Reputation: 51
I have a postgres( PostgreSQL 12.3) db table which consists of 100k rows and I have a python script which reads from this table and perform some action based on the data. I want to run the same script through multiple machines so that data can be processed faster. But when I run from multiple machines, I want to make sure one row is processed by only one machine at a time, basically achieving it by locking that row.
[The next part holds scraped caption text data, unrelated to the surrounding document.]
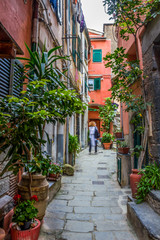 Fototapeta na wymiar beach streets and colorful houses on the hill in Vernazza in Cinque Terre in Italy 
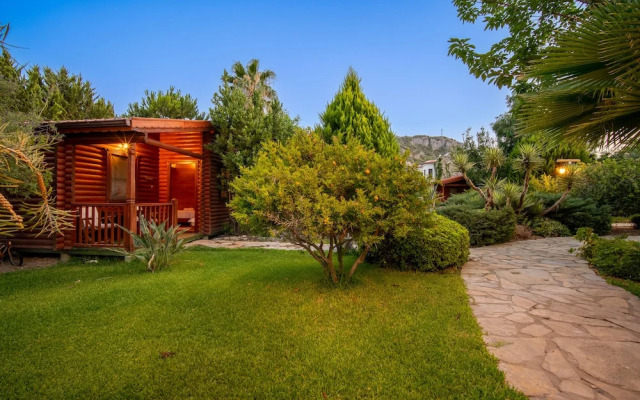 Hayitbükü Ahşapevleri̇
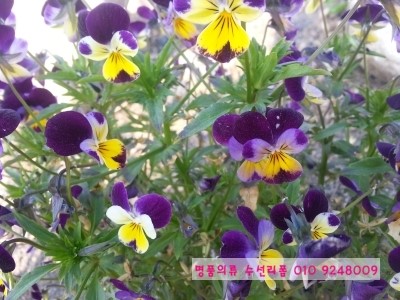 고운리폼수선 이미지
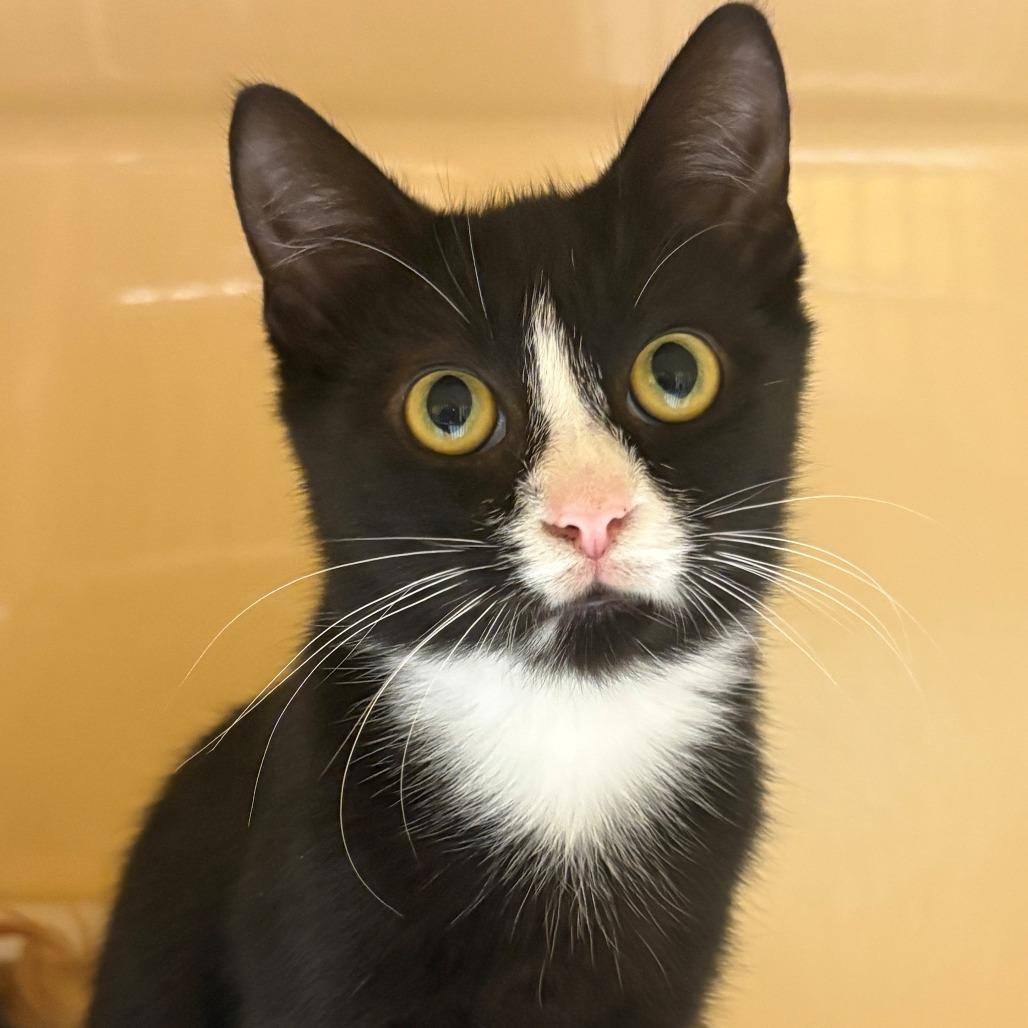 Enlarge Home Depot, a Adoptable Domestic Short Hair in East Hanover, NJ image 2/5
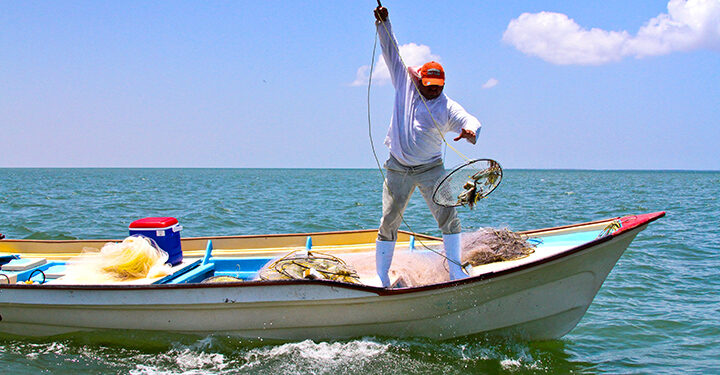El jueves se pagará el Bienpesca Estatal 2025; beneficiará a más de 32 mil pescadores sinaloenses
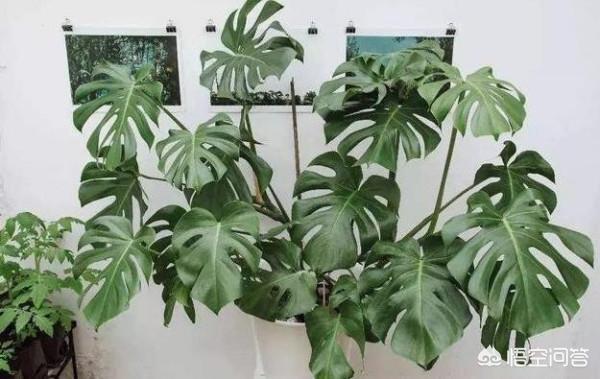 吸甲醛的植物前十名_吸甲醛的植物有什么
Can you provide some pointers on how locking row can be achieved through python. I am using psycopg2 module to read and update data from table, but did not find a way to lock the row data.
Upvotes: 4
Views: 2263
Reputation: 14081
Use SELECT ... FOR UPDATE SKIP LOCKED
, which performs a row-level lock on any rows that are returned, and skips rows that are already locked by another transaction.
Session 1:
testdb=# create table tt(x text);
CREATE TABLE
testdb=# insert into tt select 'foo';
INSERT 0 1
testdb=# insert into tt select 'bar';
INSERT 0 1
testdb=# BEGIN;
BEGIN
testdb=# SELECT * FROM tt ORDER BY x LIMIT 1 FOR UPDATE SKIP LOCKED;
x
-----
bar
(1 row)
testdb=# -- SELECT in session 2 is performed now.
testdb=# commit;
COMMIT
Session 2:
testdb=# BEGIN;
BEGIN
testdb=# SELECT * FROM tt ORDER BY x LIMIT 1 FOR UPDATE SKIP LOCKED;
x
-----
foo
(1 row)
testdb=# commit;
COMMIT
You won't need to do anything special with psycopg2 for this, as long as your query already has a reasonably small limit (so the SELECT doesn't lock every row), adding FOR UPDATE SKIP LOCKED should do what you're asking for. See the docs on the locking clause for more details.
Upvotes: 6